La Voz de Galicia

Son esas cosas que se te ocurren de repente. Estaba explicando cómo funcionan los prejuicios. Decía que los necesitamos, que resultan necesarios e inevitables, porque no podemos pasarnos la vida replanteándonos todo. Decía que lo malo de los prejuicios fuertes radica en la imposibilidad de revisarlos incluso cuando la realidad los aplasta. Esa contumacia frente a la realidad sí que nos pervierte. Explicaba también que esto sucede a quienes no acostumbran a pensar las cosas y carecen, por lo tanto, de criterio. El criterio y la mera opinión se diferencian en que el primero se apoya en principios y la segunda en modas, de ahí que cambie muy fácilmente. En estas caí en la cuenta de que, en el fondo, las culturas son el compendio de nuestros prejuicios. Una cultura consiste en la suma de los principios que no revisamos, que aceptamos de un modo connatural, por inercia casi.
La consideración que merece una cultura depende del conjunto de prejuicios que asuma. Existen algunas, bastantes, que parten del prejuicio de que la mujer es inferior.
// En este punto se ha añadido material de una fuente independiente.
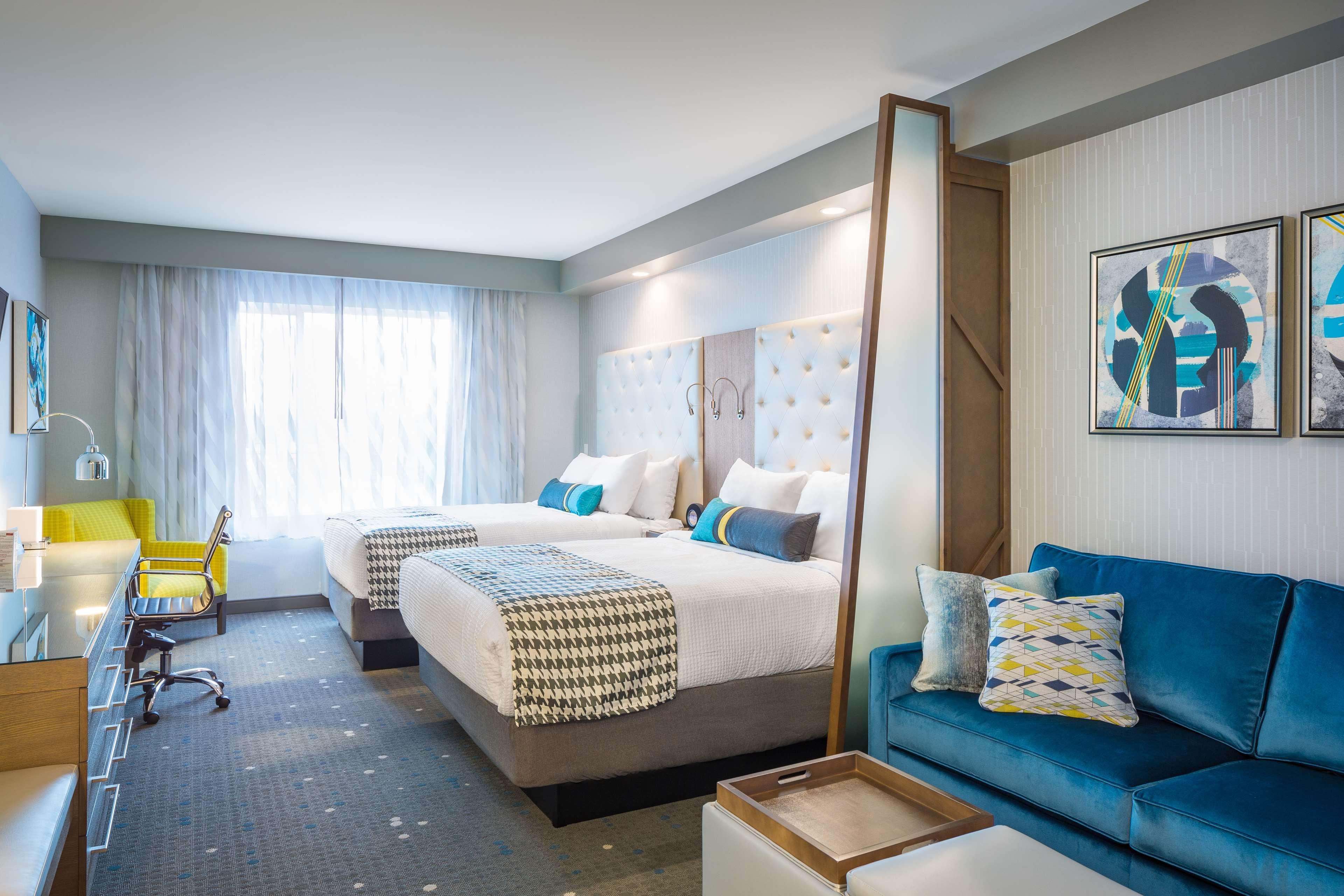 Best Western Premier Hotel At Fisher'S Landing Vancouver Exterior photo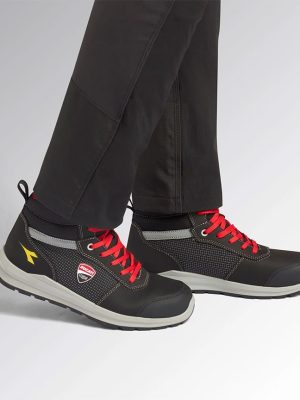 Chaussures de sécurité montantes SPEEDY RACE S3S Diadora x Ducati Corse vue du cote droit vue portee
El prejuicio, convertido en principio, se traduce en costumbres y, en aquellos países con regímenes muy ideologizados, autoritarios o ambas cosas a la vez, termina en ley.
En la nuestra se insinúa el prejuicio que insiste, contra la evidencia, en que la igualdad consiste en que los hombres y las mujeres no nos diferenciamos en nada. Se encarna en costumbres a veces muy extrañas: basta ver el lío de Assange en Suecia. Y en países con gobiernos ideologizados, en leyes como la que se proyecta aquí, que pretende negar el concierto educativo a los colegios de enseñanza diferenciada para niños o para niñas.